In her initial communication to the tribunal, Ms Larkin said the odd figure nature of the £28,772.90 lodgement was the result of a sterling amount being brought to the bank, converted into Irish pounds, and lodged.

The bank's records do not support this. The tribunal has established that the records of the bank branch show that sterling to the value of less than £2,000 was brought into the branch on the day in question. On the same day an unusually large amount of non-sterling was brought into the branch.

Furthermore, the tribunal has applied the exchange rates for sterling used in the branch on the day, to the amount lodged, and found it did not result in a round figure sterling amount. It did find that when one of the rates used on the day for dollars was applied, the calculation resulted in a round figure amount, $45,000.

Ms Larkin's evidence yesterday was that on Saturday, December 3rd, 1994, she walked into Mr Ahern's office in St Luke's where Mr Ahern was talking with Mr Wall. There were a number of bundles of sterling cash on the table, and a few in Mr Ahern's hands. He was bringing the cash into an adjoining office, where he had a safe.

That day or that night in the pub, she, Mr Wall, Mr Ahern, and the late Gerard Brennan, all discussed the money, how it would be kept by Ms Larkin for use on a house Mr Wall was purchasing and which Mr Ahern was to rent with an option to buy. Mr Brennan, a solicitor who acted for Mr Ahern and Mr Wall, recommended to Ms Larkin that she put the money in its own account. No-one mentioned amounts.

Yesterday Ms Larkin said that at Mr Ahern's request she collected a suitcase from St Luke's on the Monday, and was driven by his driver to AIB O'Connell St, where bank official Philip Murphy, who had already been contacted by Mr Ahern, took it from her. A new account was opened and she was given a lodgement slip and other documentation She never saw the sterling she presumed was in the suitcase, and never asked how much foreign currency there was. She brought the documentation back to St Lukes.
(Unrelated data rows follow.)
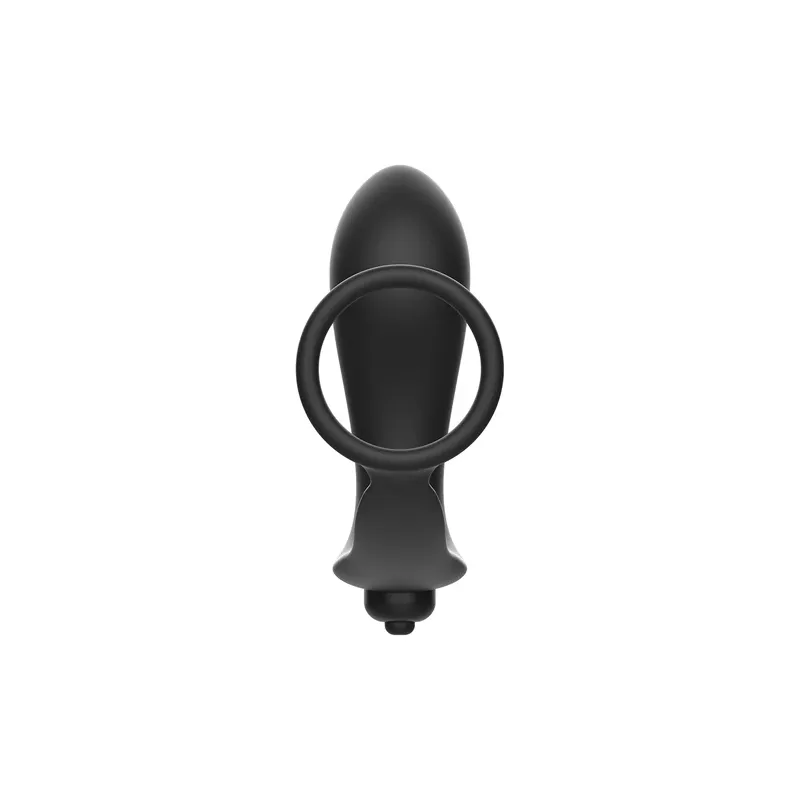 Plug anal vibrante con anillo pene negro silicona Addicted Toys vista general" } }, { "id_image": 2132, "alt": { "fr": "Détail d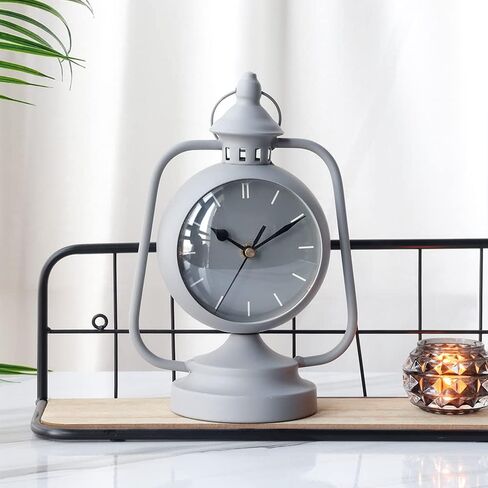 NEWIMAGE ساعة معدنية لغرفة النوم 12.5 "H ساعة مكتب ساعة المطبخ الحديثة مع مرآة المؤخر لغرفة المعيشة بجانب السرير غرفة نوم مكتب سطح المكتب كونترتوب (رمادي) in Kuwait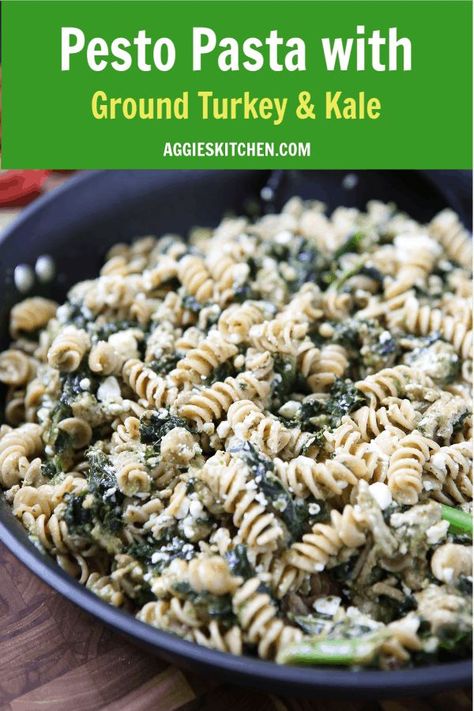 This healthy Pesto Pasta with Ground Turkey and Kale is a super easy weeknight meal that will get your kids eating kale! Hearty and healthy recipe for busy nights. Recipe via aggieskitchen.com  #groundturkey #pasta #pastarecipe #pesto #healthyrecipe #healthydinner #aggieskitchen via @aggieskitchen Ground Turkey Pesto Pasta Recipes, Ground Turkey Pesto Recipes, Pesto And Ground Turkey, Ground Chicken Pesto Pasta, Kale And Ground Turkey Recipes, Ground Turkey Kale Recipes, Pesto Ground Turkey, Ground Turkey Pesto Pasta, Turkey Pesto Pasta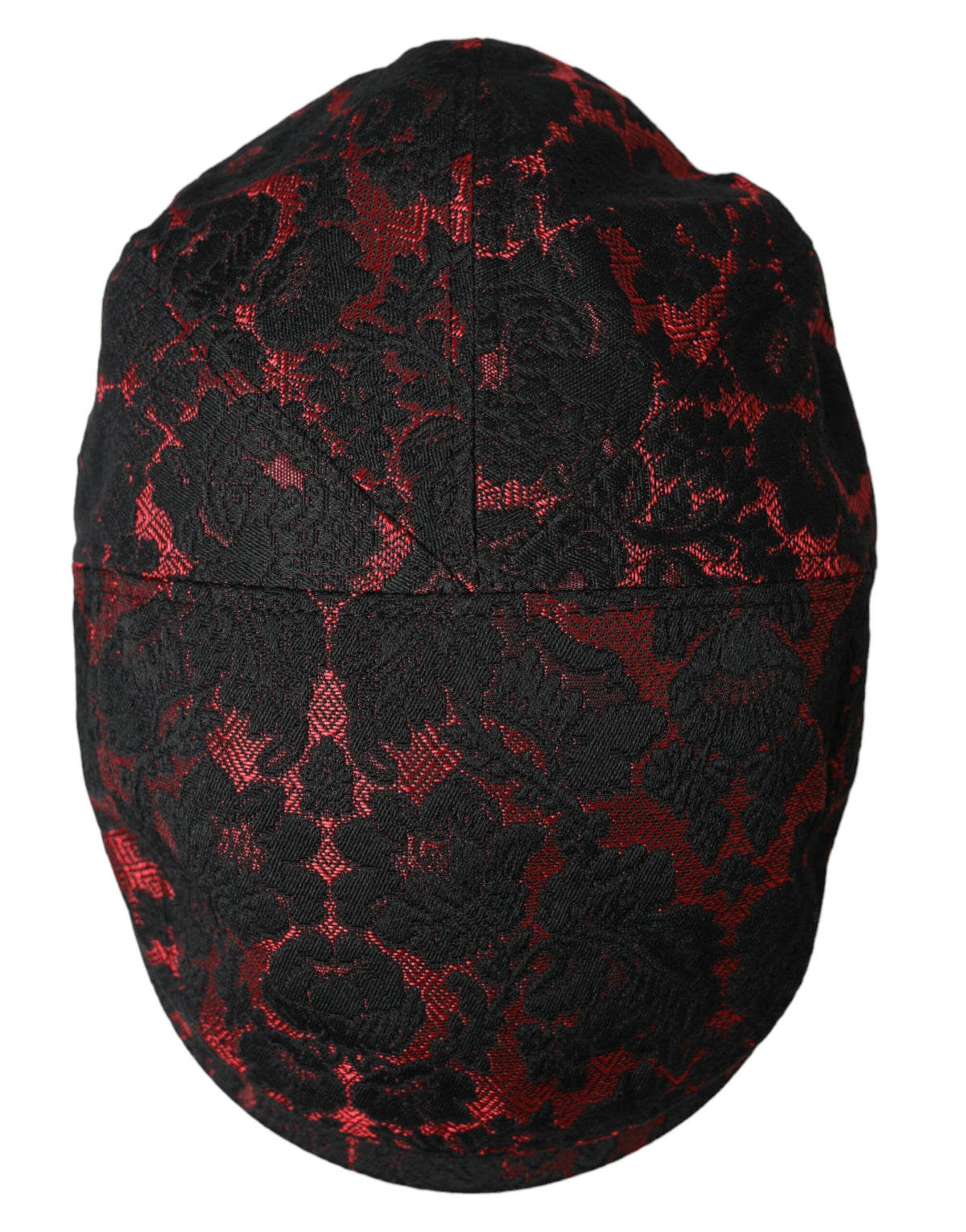 Gorra de vendedor de periódicos Dolce &amp; Gabbana con estampado floral en jacquard negro y rojo para hombre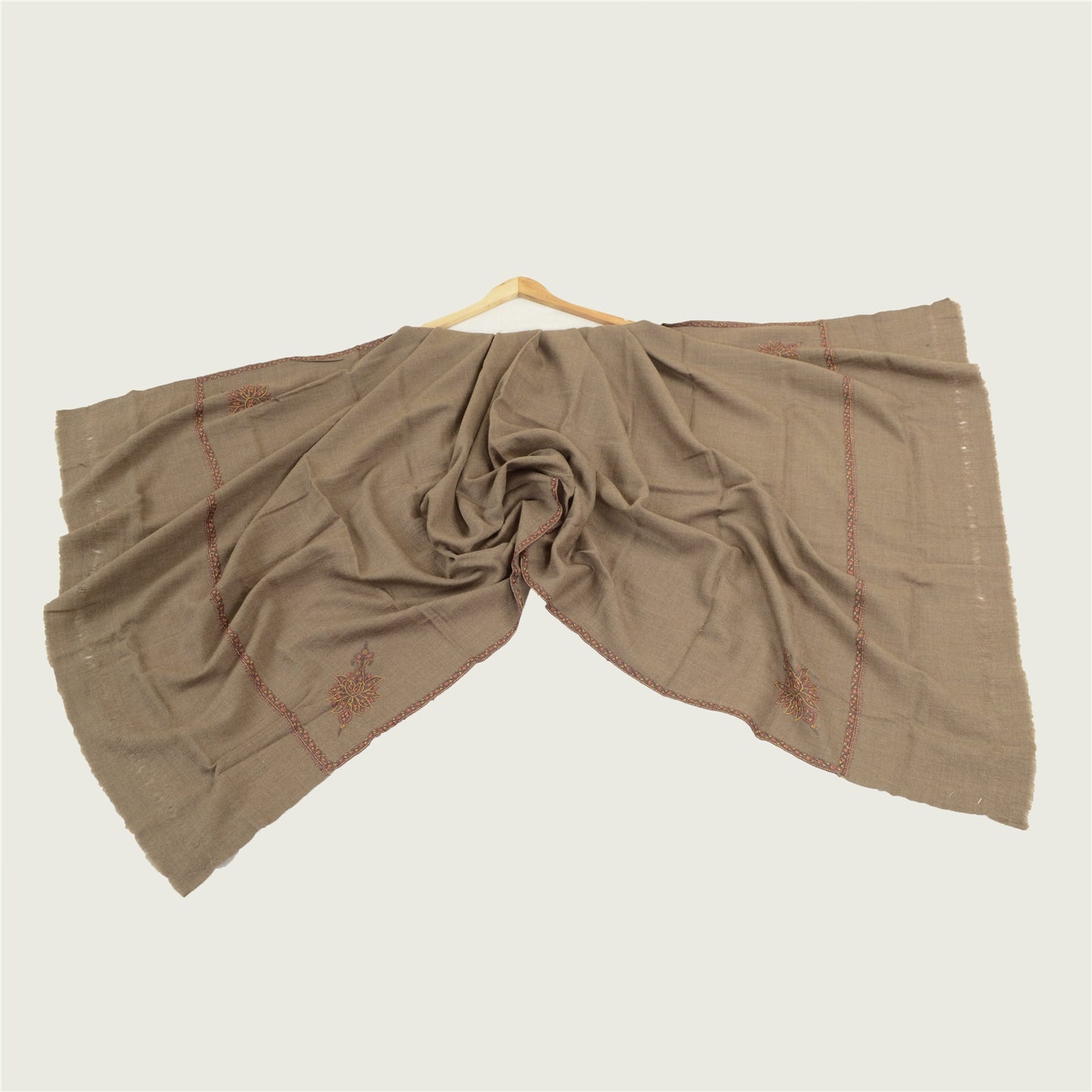 Sanskriti Vintage Brown Long Shawl Handmade Suzani Work Pure Woollen Scarf Stole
Mr Wall told the tribunal earlier this week that the cash he gave Mr Ahern on December 3rd, 1994, was mostly sterling but also included some Irish pounds. As Ms Larkin never looked in the briefcase or asked what currencies were lodged by her on the following Monday, she cannot add to Mr Wall's evidence.

If Mr Wall's evidence is correct, then the amount lodged cannot have been the result of the exchange of $45,000. The fact that the amount lodged translates into $45,000 exactly, when one of the four decimal point dollar exchange rates used on the day is applied to it, is therefore simply a coincidence.

Ms Larkin opened an account in her own name to receive the £28,772.90, money which belonged to Mr Wall. Judge Mary Faherty queried her about this yesterday. Although the account had been opened on solicitor Mr Brennan's advice, nothing had been done to establish Mr Wall's legal title to the money. His name was not added to the account, and no memo or note was written to state that it was not Ms Larkin's money.

Judge Faherty asked what would have transpired if something had happened to Ms Larkin or Mr Wall. Ms Larkin said she hadn't been thinking about dying.

Ms Larkin was clear and unwavering in the evidence she gave yesterday. The difficulty is that it forms part of an overall narrative concerning Mr Ahern and his money that is so very strange, and which conflicts with the bank's records.